Provided material

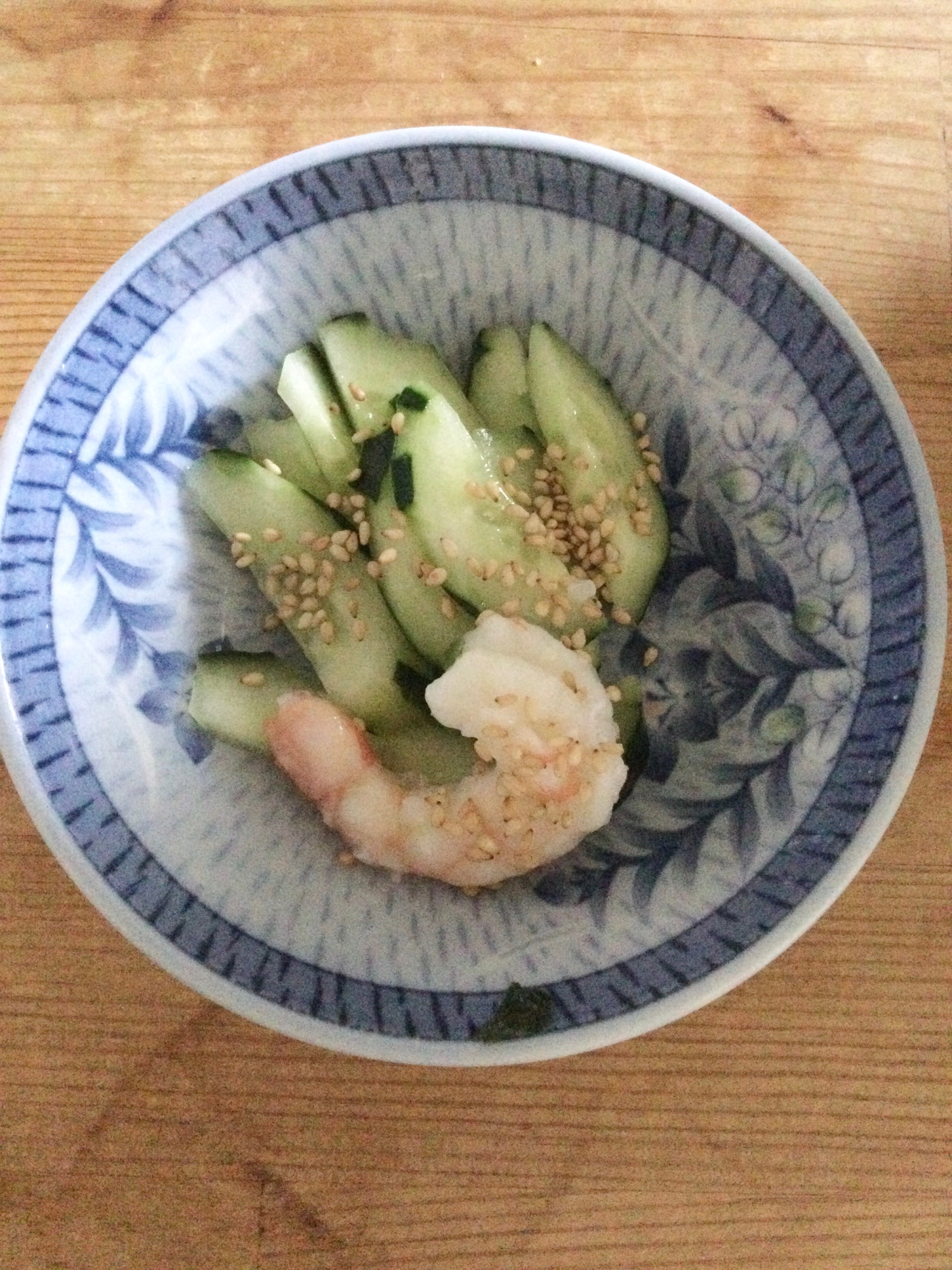 きゅうりと海老の胡麻和え♪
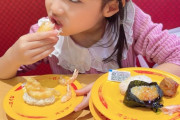 【画像】スシローでおっさんみたいに寿司をガッツ食いする幼女が撮られるｗｗ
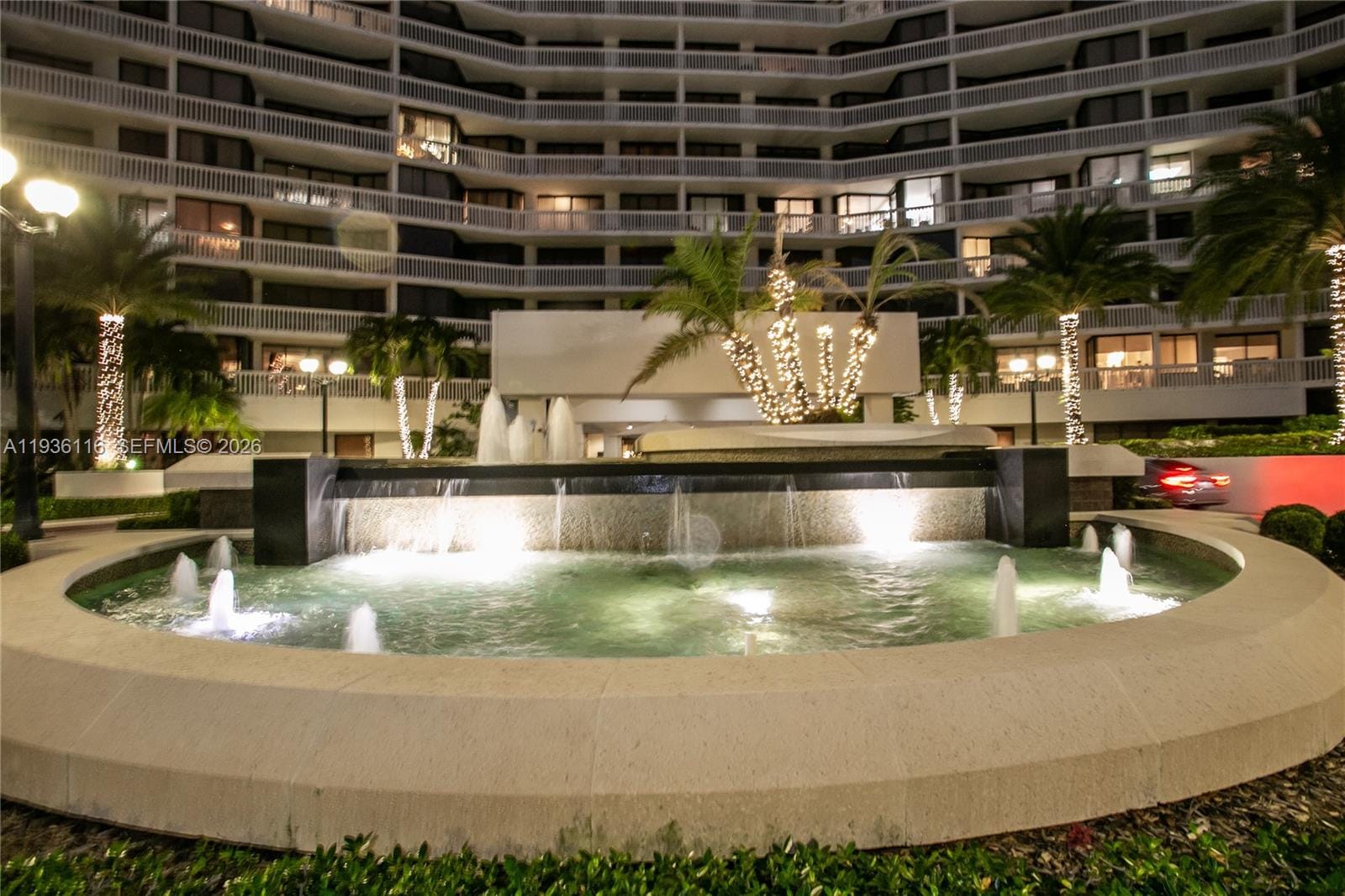 1000 W Island Boulevard 2906, Aventura, FL 33160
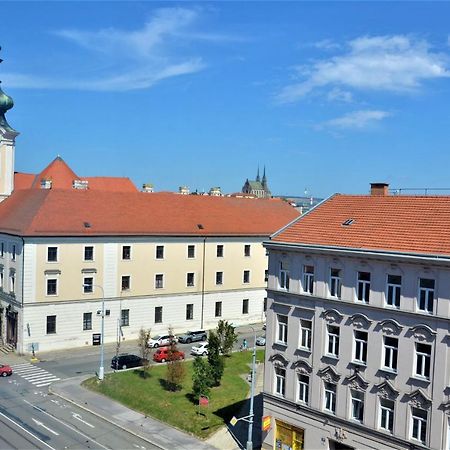 New Apartment With Garage Parking Brno Eksteriør bilde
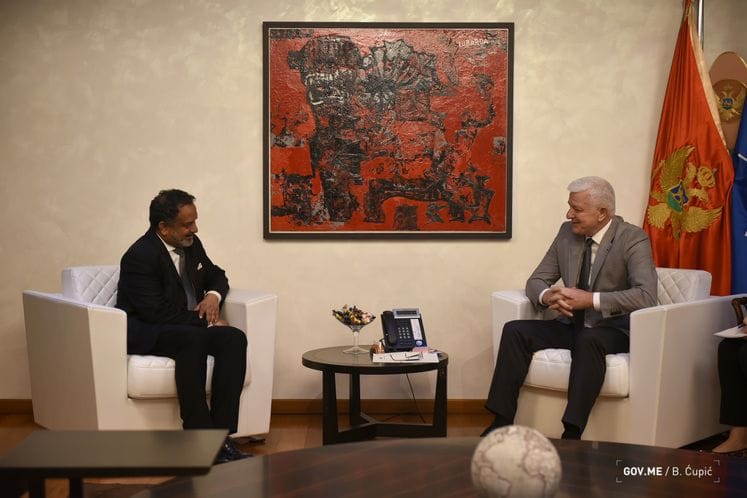 Premijer Marković razgovarao sa Delegacijom MMF-a: Vlada će sprovesti sve mjere fiskalne konsolidacije rukovodeći se potrebama građana i razvojem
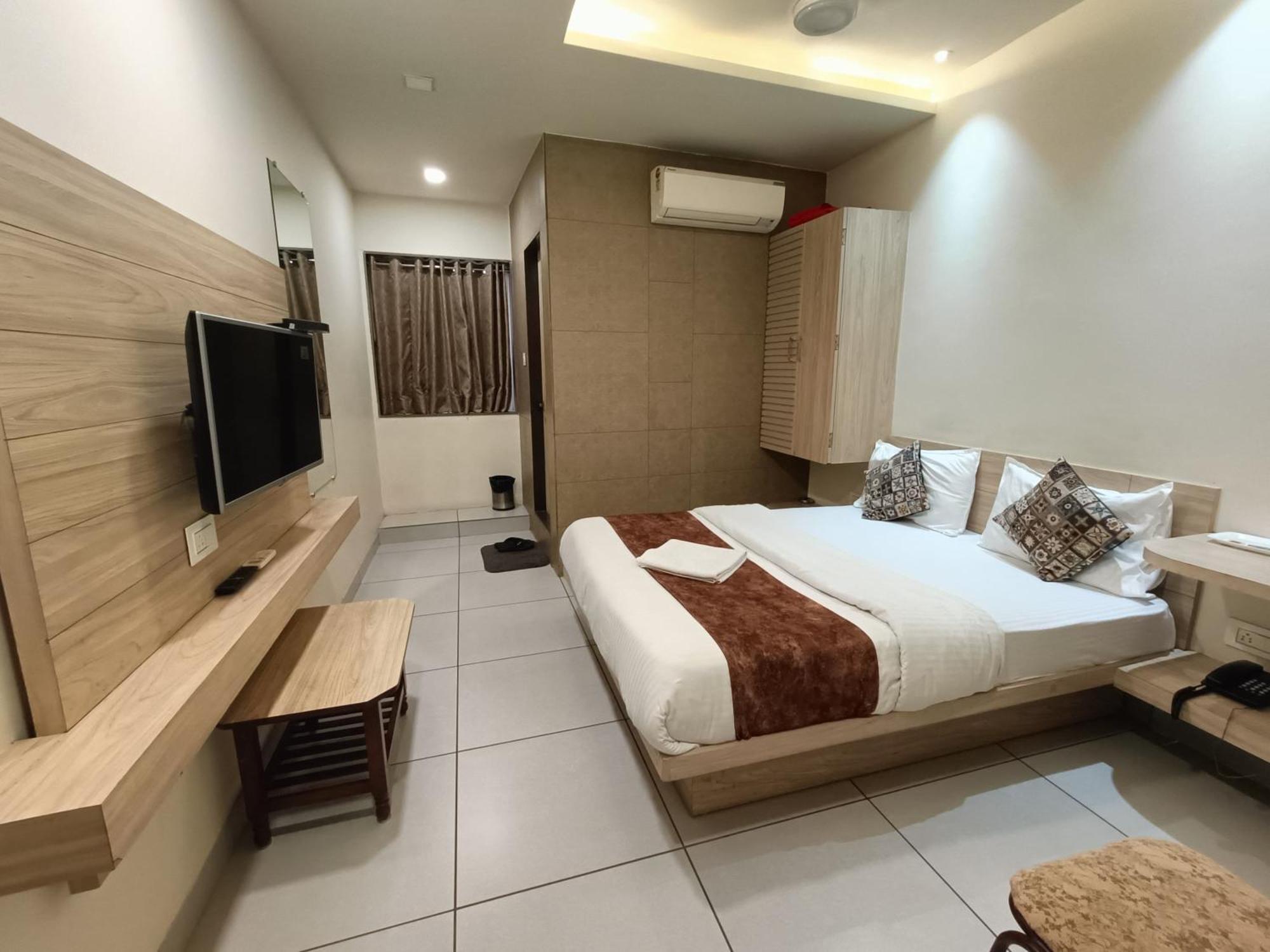Hotel Kinara 阿穆达巴 外观 照片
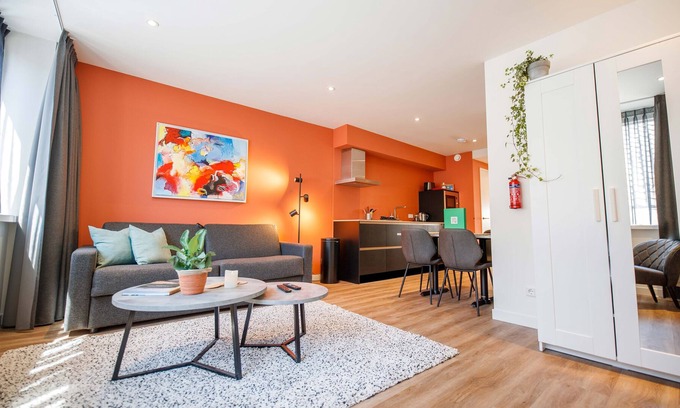 's-Hertogenbosch Apartment | Trendy Design 55m² Apartment with Balcony - 's-Hertogenbosch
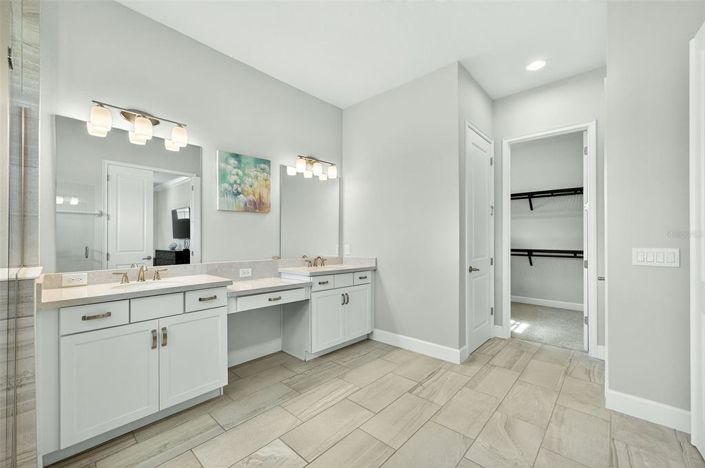 Image No.26-Propriété de 4 chambres à vendre à Orlando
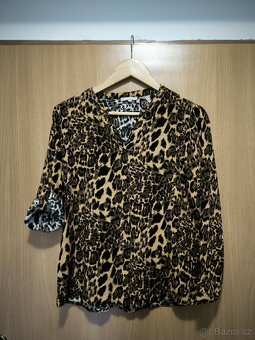 Dámská halenka s leopardím vzorem L - 2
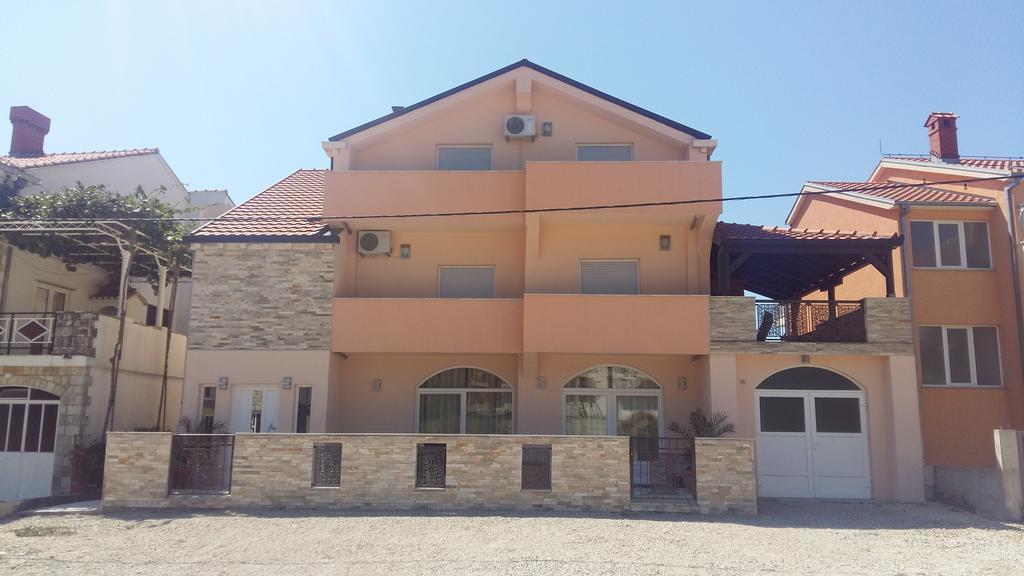 Ivanica Apartments Ema מראה חיצוני תמונה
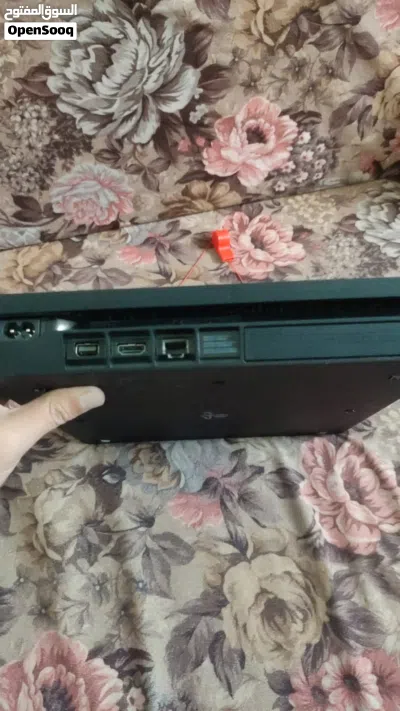 Ps 4 slim 500 G أصلي بسعر مغري بحال الوكاله 4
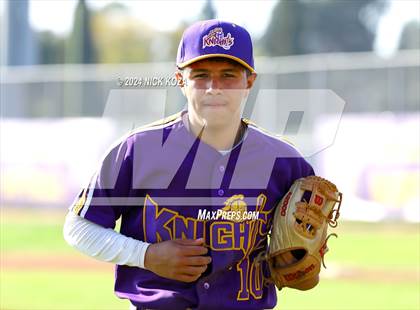 Thumbnail 2 in Dominguez vs. Lynwood photogallery.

Task brief
Keep the pictures out of the copy and return the rest of the data above exactly.

Written answer
 きゅうりと海老の胡麻和え♪
 【画像】スシローでおっさんみたいに寿司をガッツ食いする幼女が撮られるｗｗ
 1000 W Island Boulevard 2906, Aventura, FL 33160
 New Apartment With Garage Parking Brno Eksteriør bilde
 Premijer Marković razgovarao sa Delegacijom MMF-a: Vlada će sprovesti sve mjere fiskalne konsolidacije rukovodeći se potrebama građana i razvojem
Hotel Kinara 阿穆达巴 外观 照片
 's-Hertogenbosch Apartment | Trendy Design 55m² Apartment with Balcony - 's-Hertogenbosch
 Image No.26-Propriété de 4 chambres à vendre à Orlando
 Dámská halenka s leopardím vzorem L - 2
 Ivanica Apartments Ema מראה חיצוני תמונה
 Ps 4 slim 500 G أصلي بسعر مغري بحال الوكاله 4
 Thumbnail 2 in Dominguez vs. Lynwood photogallery.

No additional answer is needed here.